*TASK DETAILS*
Without the images, write out the whole listing exactly.

*SUPPLIED DATA*
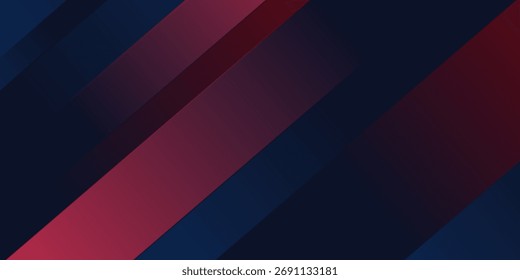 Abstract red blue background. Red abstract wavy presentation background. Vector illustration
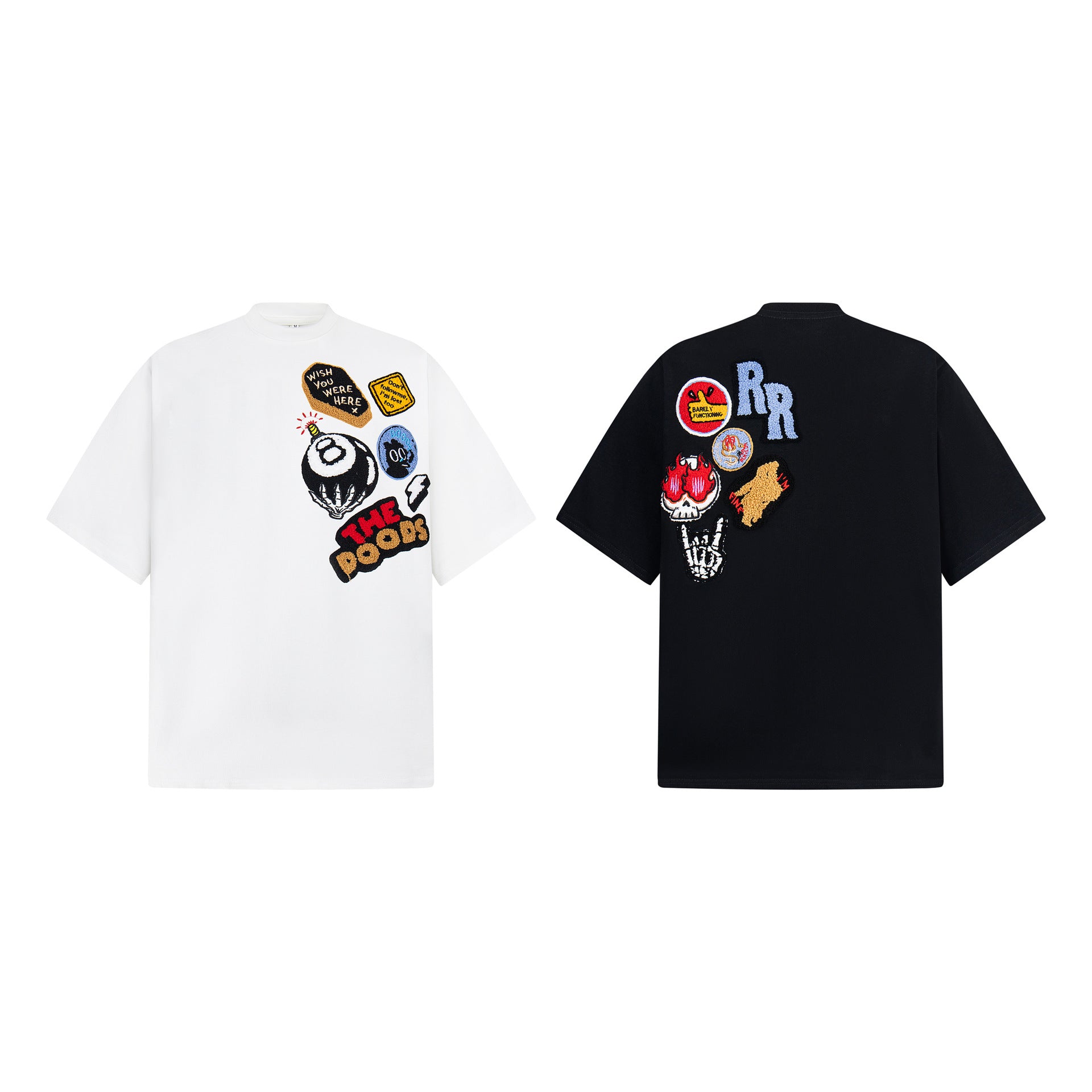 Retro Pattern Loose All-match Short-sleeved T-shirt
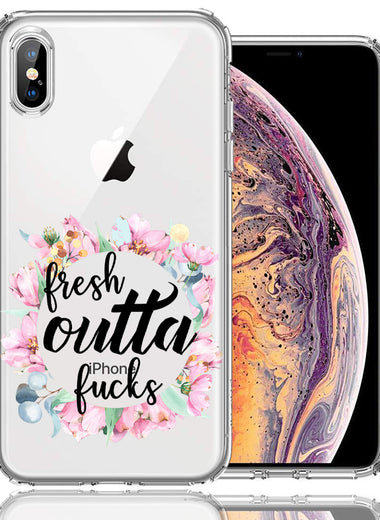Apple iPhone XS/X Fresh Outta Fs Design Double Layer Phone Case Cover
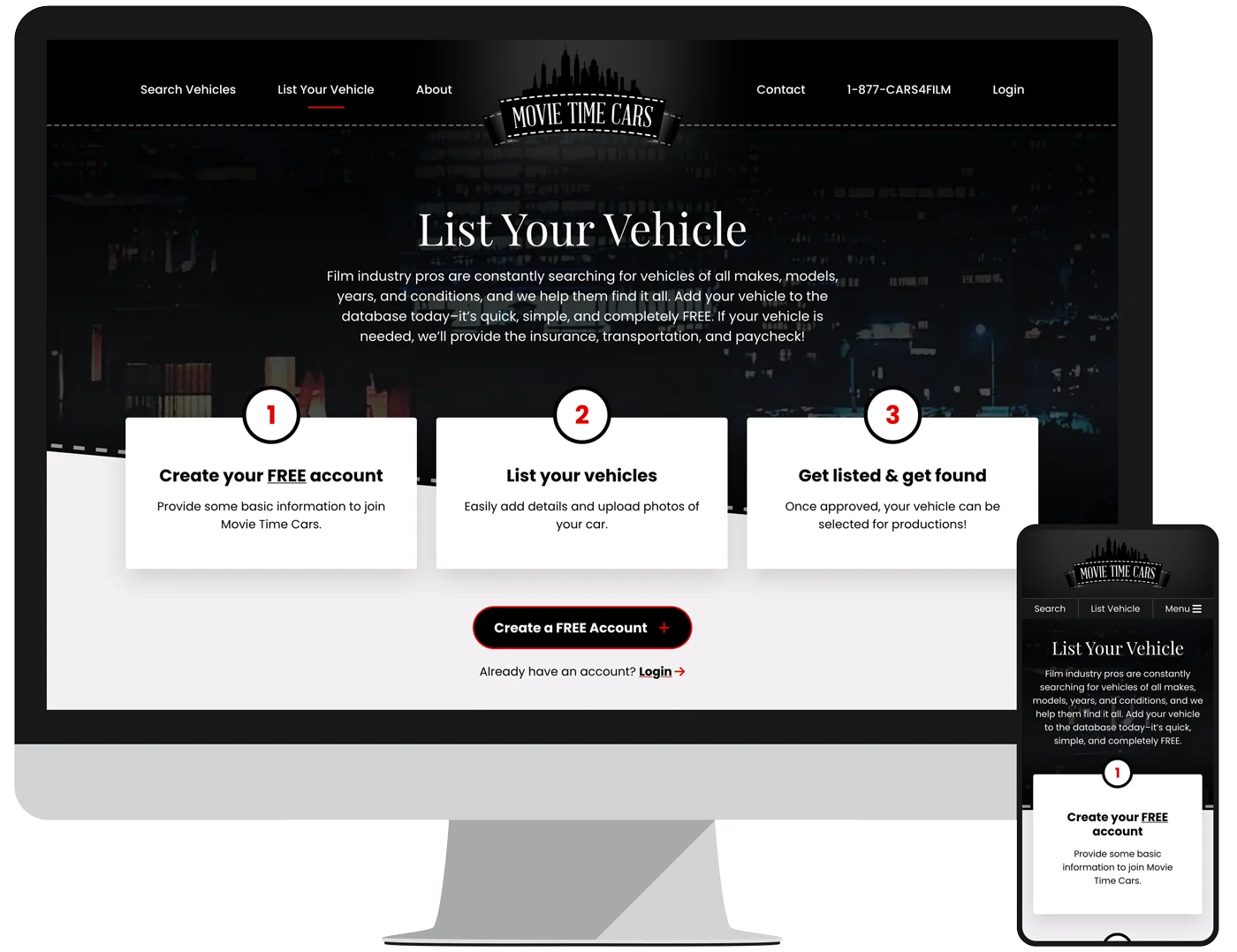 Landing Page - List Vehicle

*COMPLETED TASK*
 Abstract red blue background. Red abstract wavy presentation background. Vector illustration
 Retro Pattern Loose All-match Short-sleeved T-shirt
Apple iPhone XS/X Fresh Outta Fs Design Double Layer Phone Case Cover
 Landing Page - List Vehicle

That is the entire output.